• [Source material]:
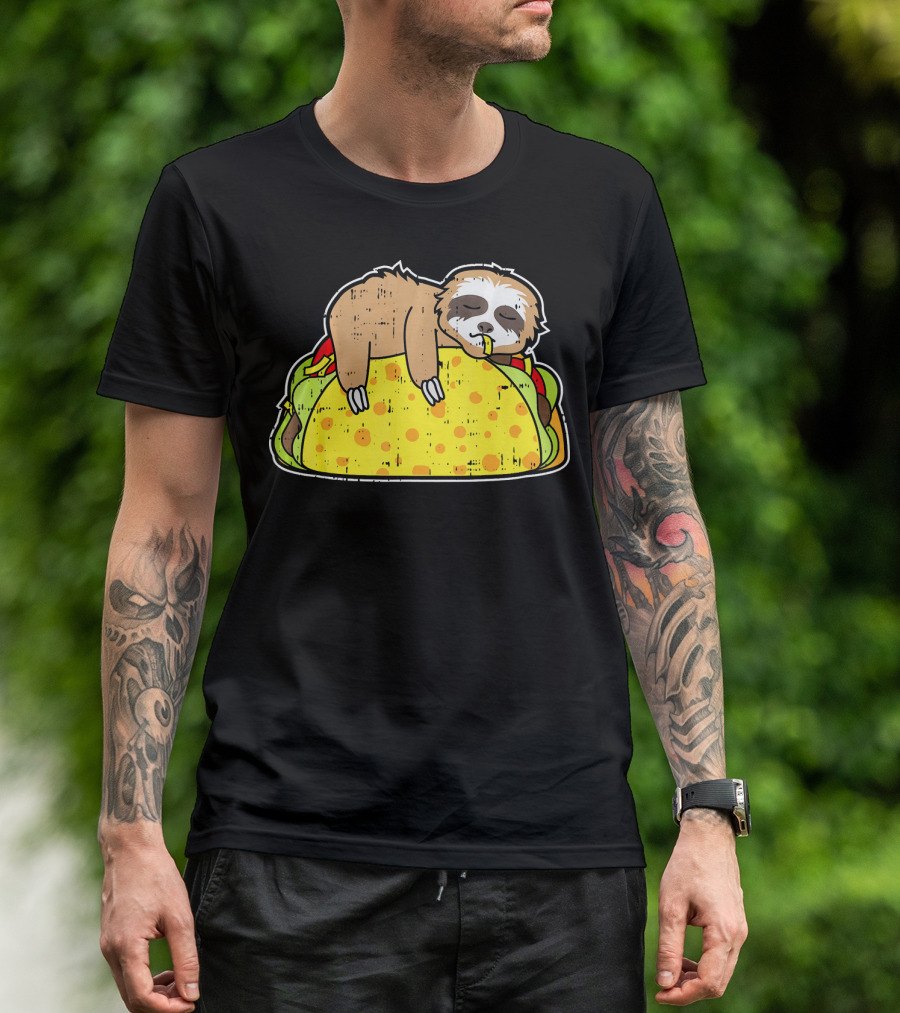 Funny Sloth Taco Cinco De Mayo Tuesday T-Shirt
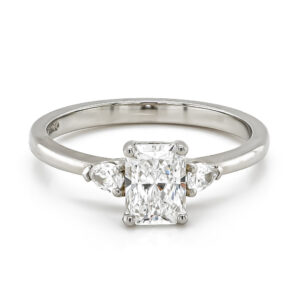 Platinum Radiant and Pear Trilogy Lab Grown Ring Total 1.19ct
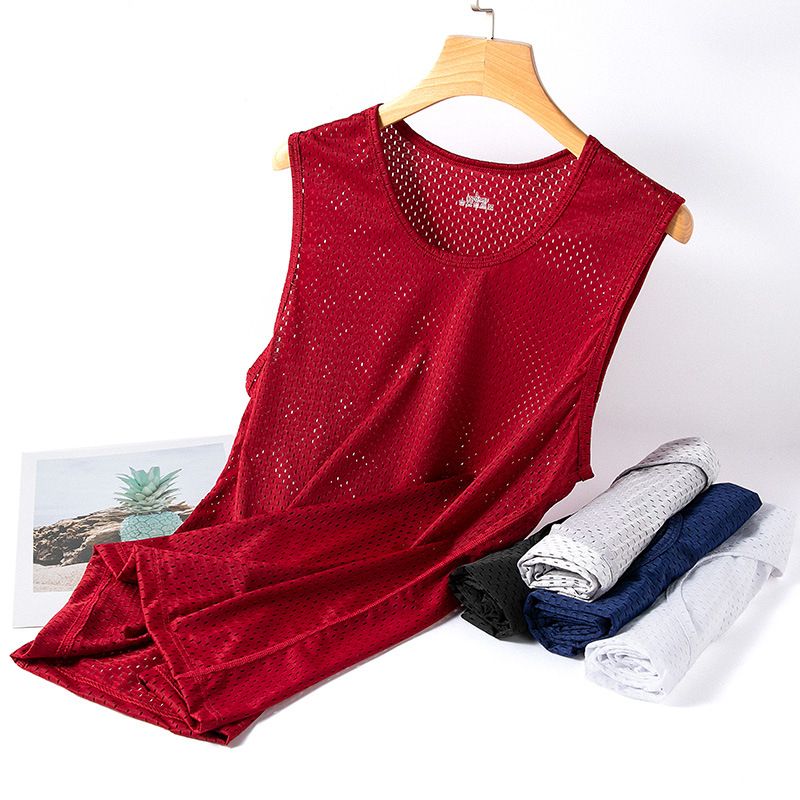 Men's Ice Silk Mesh Tank Top Sleeveless Vests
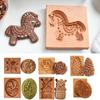3D Wooden Cookie Biscuit Molds Pine Seed Rose Biscuit Mold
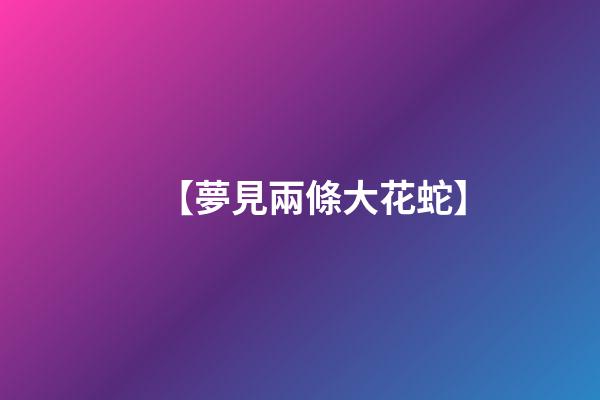 【夢見兩條大花蛇】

• [Aim of the task]: Your copy should start at the line with "Platinum Radiant and", stop at the last line of the listing above, match exactly, and contain no pictures.

• [Final answer]:
 Platinum Radiant and Pear Trilogy Lab Grown Ring Total 1.19ct
 Men's Ice Silk Mesh Tank Top Sleeveless Vests
3D Wooden Cookie Biscuit Molds Pine Seed Rose Biscuit Mold
 【夢見兩條大花蛇】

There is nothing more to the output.